Re: [patch] SMP race fix [was Re: SMP lockup & 3c509 on 2.2.x [aka.

Andrea Arcangeli (andrea@e-mind.com)
Thu, 6 May 1999 17:01:43 +0200 (CEST)


On Wed, 5 May 1999, Linus Torvalds wrote:

>On Thu, 6 May 1999, Andrea Arcangeli wrote:
>>
>> I thought the current semantic of synchronize_irq() is that
>> synchronize_irq() simply flush the _running_ _irqhandler_ (not the
>> raw-irq) and so is _far_ from making sure that there won't be a new irq
>> after the call.
>
>A pure synchronize_irq() yes.
>
>But you missed the larger picture, which was that synchronize_irq() was
>used at the end of "disable_irq()". And in that case, we know that there

I didn't missed it. I simply think that we must separate completly the
idea of not having irq handlers anymore and flushing the _all_ current irq
handler.

synchronize_irq flush _all_ irq handlers but it won't assure you that
there won't be any kind of irq handlers running after a bit. It _can' t_
do that, it has not enough information to do that.

disable_irq(N) instead is a completly different thing and make sure that
when you return from such call the irq N is not running and it won't run
_anymore_ until enable_irq() will then be run.

disable_irq_nosync(N) instead will make sure that there won't be irq N
running on the current CPU but there maybe the last istance of IRQ-N
running on a remote CPU even if we just returned from the call.

synchronize_irq() was not able to wait really an irq that didn't yet
incremented global_irq_count for real, so it was generating a race in
disable_irq() (that was return too early). And synchronize_irq() was far
too much. We don't need to flush all irq handlers, but we must only make
sure that the irq N won't run after returning from disable_irq(). All
other irqs can run _all_ the time.

Since we returned too early from disable_irq(), we was then allowed to run
enable_irq() while there was still an irq running. This way we was
clearing the INPROGRESS bit of such irq allowing a second irq to reenter
in the first one with the obvious lockup.

>can't be a new irq after the call, because we just disabled it (and we

Wrong.
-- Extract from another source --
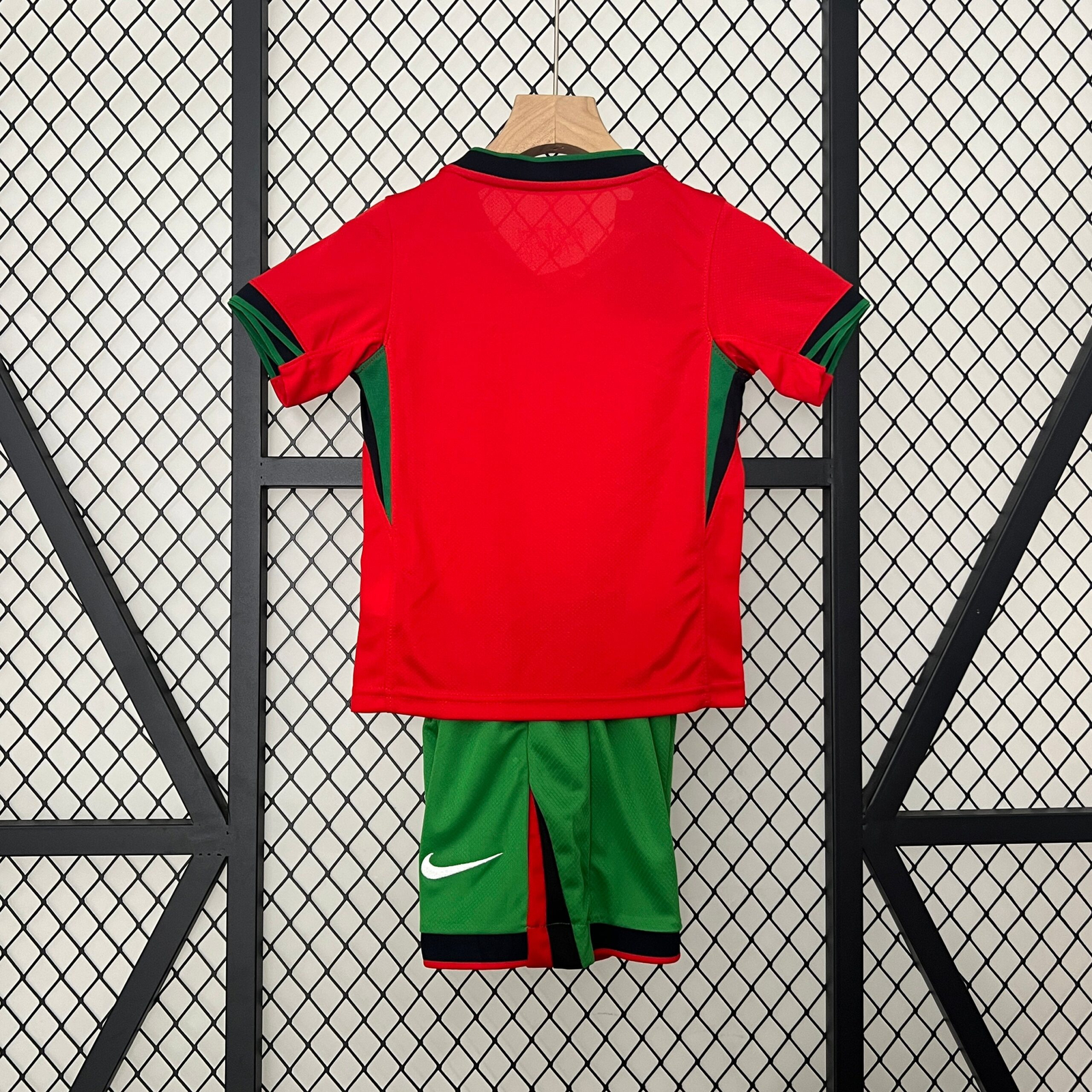CAMISETA PRIMERA EQUIPACIÓN PORTUGAL 2024 VERSIÓN INFANTIL - Imagen 8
There can be since we may have an irq handler running after the
first spin_unlock below, while disable_irq() is running on the other CPU:

[..] edge_io_apic_irq

spin_unlock(&irq_controller_lock);
** here disable_irq get the controller lock to set IRQ_DISABLED **

/*
* If there is no IRQ handler or it was disabled, exit early.
*/
if (!action)
return;

/*
* Edge triggered interrupts need to remember
* pending events.
*/
for (;;) {
*** here synchronize_irq() runs but it doesn't see us ***
*** because global_irq_count is still zero ***
handle_IRQ_event(irq, regs, action);
[..]

This is the race I am pointing out since my first email.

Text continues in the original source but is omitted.